C'è gente che mi ha sempre considerata per gli anni terribili passati nei cosiddetti manicomi. A volte, cambiando la prospettiva, io li ho definiti anni esilaranti, perché vicino al macabro e all'estrema follia esiste anche la perdita della memoria individuale, ma non la perdita di spirito. E infatti nei manicomi spesso si consuma alcool.
Devo confessare che ad aprirmi le porte del manicomio è stata la lettura delle vicende di Fantozzi narrate da Paolo Villaggio. Quelle grosse risate fatte sotto le coperte mi hanno salvata, così come altre risate probabilmente hanno salvato dalla follia molti altri pazienti. D'altra parte la tragedia è sempre al confine con l'ilarità.
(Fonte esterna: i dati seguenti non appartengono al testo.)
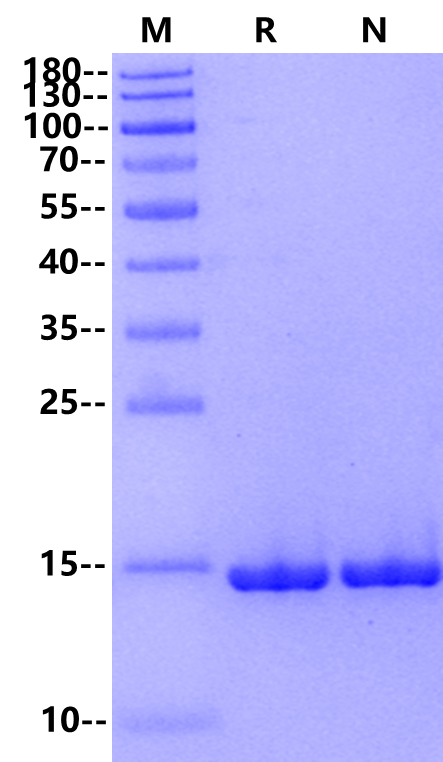 FGF-basic Protein, Chicken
Non conosco personalmente Flavio Origlio, ma - attraverso la lettura delle sue «poesie catartiche» - credo di aver capito la sua sensibilità. Solo un uomo dal gusto sottile poteva capire il genio marginale ma profondo della comicità. E credo che Origlio abbia scoperto, a sua insaputa come succede di solito ai geni, il confine fra verità e sogno.
Il suo è un vangelo del risibile, un aiuto per tutte quelle persone che ogni giorno muoiono sulla croce del vivere quotidiano senza neppure sapere il perché.